BRIEF DESCRIPTION OF FIGURES

In order to more clearly illustrate the technical solutions in the embodiments of the present disclosure, a brief introduction will be given below to the drawings needed to be used in the description of the embodiments. Obviously, the drawings in the following description are only some embodiments of the present disclosure. Those of ordinary skill in the art can also obtain other drawings based on these drawings without exerting any creative effort.

FIG. 1 is a flow chart of a digital twinning method for a full life cycle of a thing provided by embodiments of the present disclosure.

FIG. 2 is a flow chart of a digital twinning method for a full life cycle of a physical entity provided by embodiments of the present disclosure.

FIG. 3 is a schematic diagram of a digital twinning process of a full life cycle of a physical entity provided by embodiments of the present disclosure.

FIG. 4 is a flow chart of a physical entity subscription method provided by embodiments of the present disclosure.

FIG. 5 is a schematic diagram of a digital twinning apparatus for a full life cycle of a physical entity provided by embodiments of the present disclosure.

FIG. 6 is a schematic diagram of a physical entity subscription device provided by embodiments of the present disclosure.

FIG. 7 is a schematic flow chart of a digital twinning method for a full life cycle of an event according to embodiments of the present disclosure.

FIG. 8 is a schematic diagram of constructing an event object record according to embodiments of the present disclosure.

FIG. 9 is a schematic diagram of another constructing an event object record according to embodiments of the present disclosure.

FIG. 10 is a schematic flow chart of an event subscription method according to embodiments of the present disclosure.

FIG. 11 is a schematic diagram of a digital twinning device for a full life cycle of an event according to embodiments of the present disclosure.

FIG. 12 is a schematic diagram of an event subscription device according to embodiments of the present disclosure.

FIG. 13 is a schematic diagram of a digital twinning device for a full life cycle of a thing provided by embodiments of the present disclosure.

FIG. 14 is a schematic diagram of a thing subscription device provided by embodiments of the present disclosure.

DETAILED DESCRIPTION

In order to make the purpose, technical solutions and advantages of the present disclosure clearer, the present disclosure will be described in further detail below in conjunction with the accompanying drawings.
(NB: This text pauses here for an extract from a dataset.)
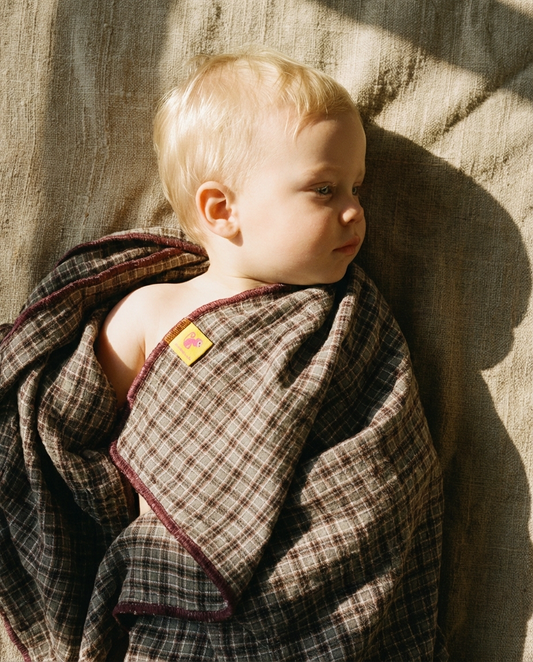 Muselina de algodón orgánico CUADROS & BURGUNDY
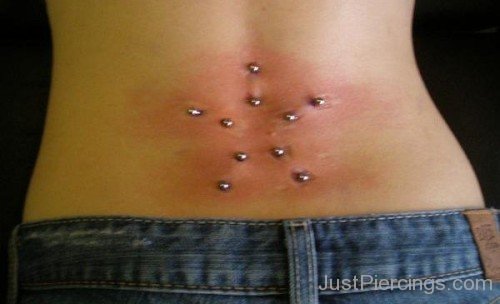 Back Body Star Piercing With Studs-JP12303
The scenarios described in the embodiments of the present disclosure are for the purpose of more clearly explaining the technical solutions of the embodiments of the present disclosure, and do not constitute a limitation on the technical solutions provided by the embodiments of the present disclosure. Persons of ordinary skill in the art will know that with the emergence of new application scenarios, the technical solutions provided by the embodiments of the present disclosure are also applicable to similar technical problems. Here, in the description of the present disclosure, unless otherwise stated, the meaning of “plurality” or “multiple” is two or more.

It should be noted that the terms “first”, “second”, etc., in the description and claims of the present disclosure and the above-mentioned drawings are used to distinguish similar objects and are not necessarily used to describe a specific order or sequence. It is to be understood that the data so used are interchangeable under appropriate circumstances so that the embodiments of the present disclosure described herein can be practiced in sequences other than those illustrated or described herein. The implementations described in the following exemplary embodiments do not represent all implementations consistent with the present disclosure. Rather, they are merely embodiments of apparatus and methods consistent with aspects of the present disclosure as detailed in the appended claims. Based on the embodiments in the present disclosure, all other embodiments obtained by those of ordinary skill in the art without creative efforts fall within the scope of protection of the present disclosure.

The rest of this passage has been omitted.